Return every record below exactly as given, images excluded.

▶ RECORDS FOR THE EXERCISE
*****

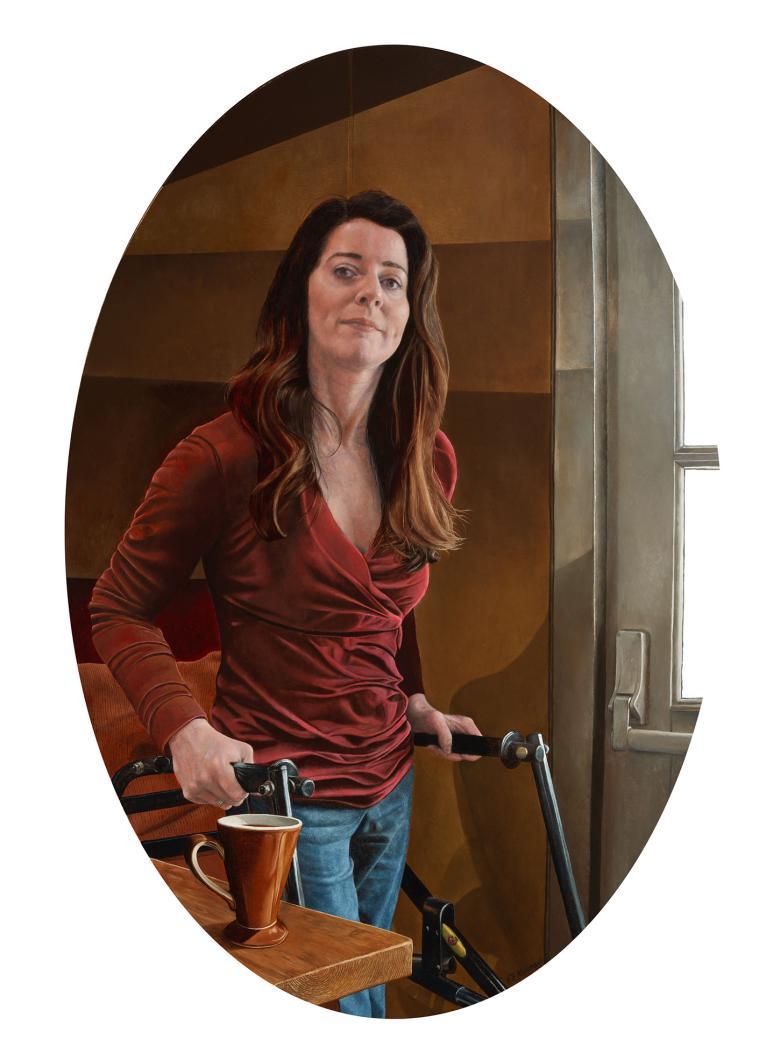 An oval-shaped portrait of a woman, wearing a red top and jeans and standing with the help of a walker. She looks directly at the viewer. On the table, a cup stands.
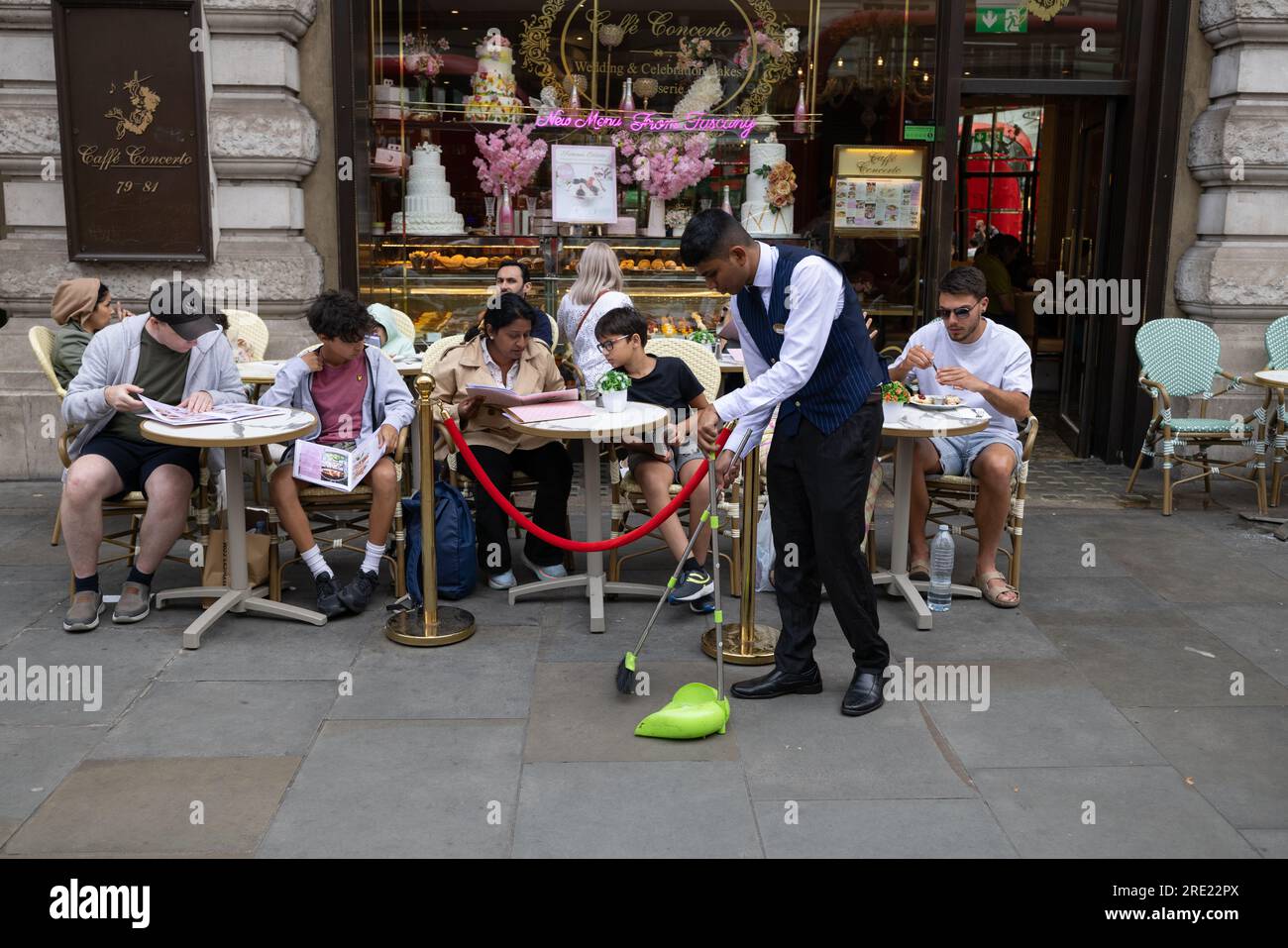 Un serveur nettoie le trottoir devant un café Concerto dans le West End de Londres, alors que les touristes affluent vers la capitale cet été, le 16 juillet 2023, en Angleterre. Banque D'Images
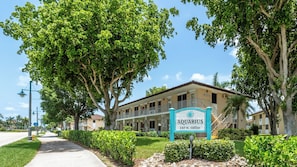 A hotel named 'Aquarius' with a sign, surrounded by trees and a well-maintained lawn.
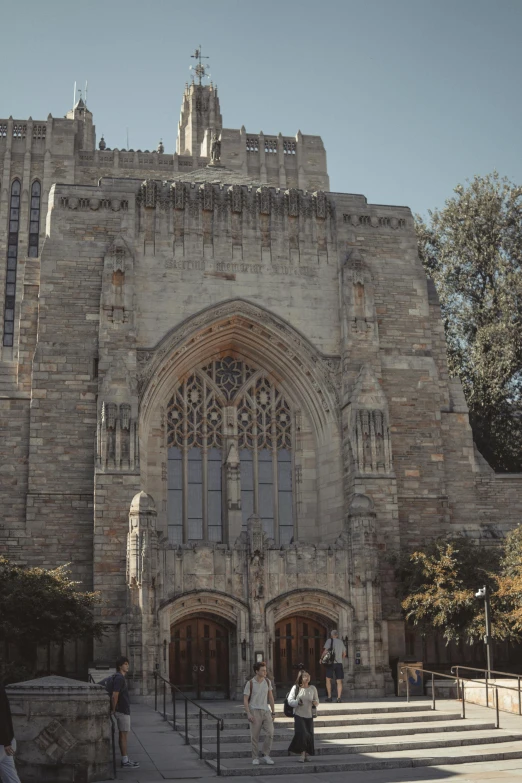 the exterior of the large castle like building with multiple people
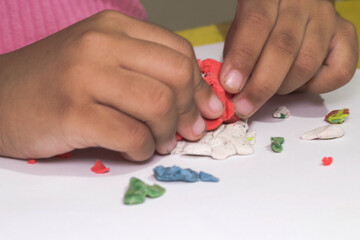 Children's hands playing with colorful plasticine. Concept of school, educational activities, happy childhood.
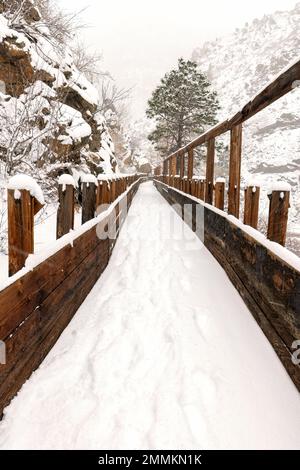 Schneebedeckte alte Holzflöte auf dem Welch Ditch Trail im Clear Creek Canyon im Winter. Teil des Peaks to Plains Trail in der Nähe von Golden, Colorado, USA Stockfoto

*****

▶ ANSWER FOR THE TASK
 An oval-shaped portrait of a woman, wearing a red top and jeans and standing with the help of a walker. She looks directly at the viewer. On the table, a cup stands.
 Un serveur nettoie le trottoir devant un café Concerto dans le West End de Londres, alors que les touristes affluent vers la capitale cet été, le 16 juillet 2023, en Angleterre. Banque D'Images
 A hotel named 'Aquarius' with a sign, surrounded by trees and a well-maintained lawn.
 the exterior of the large castle like building with multiple people
 Children's hands playing with colorful plasticine. Concept of school, educational activities, happy childhood.
 Schneebedeckte alte Holzflöte auf dem Welch Ditch Trail im Clear Creek Canyon im Winter. Teil des Peaks to Plains Trail in der Nähe von Golden, Colorado, USA Stockfoto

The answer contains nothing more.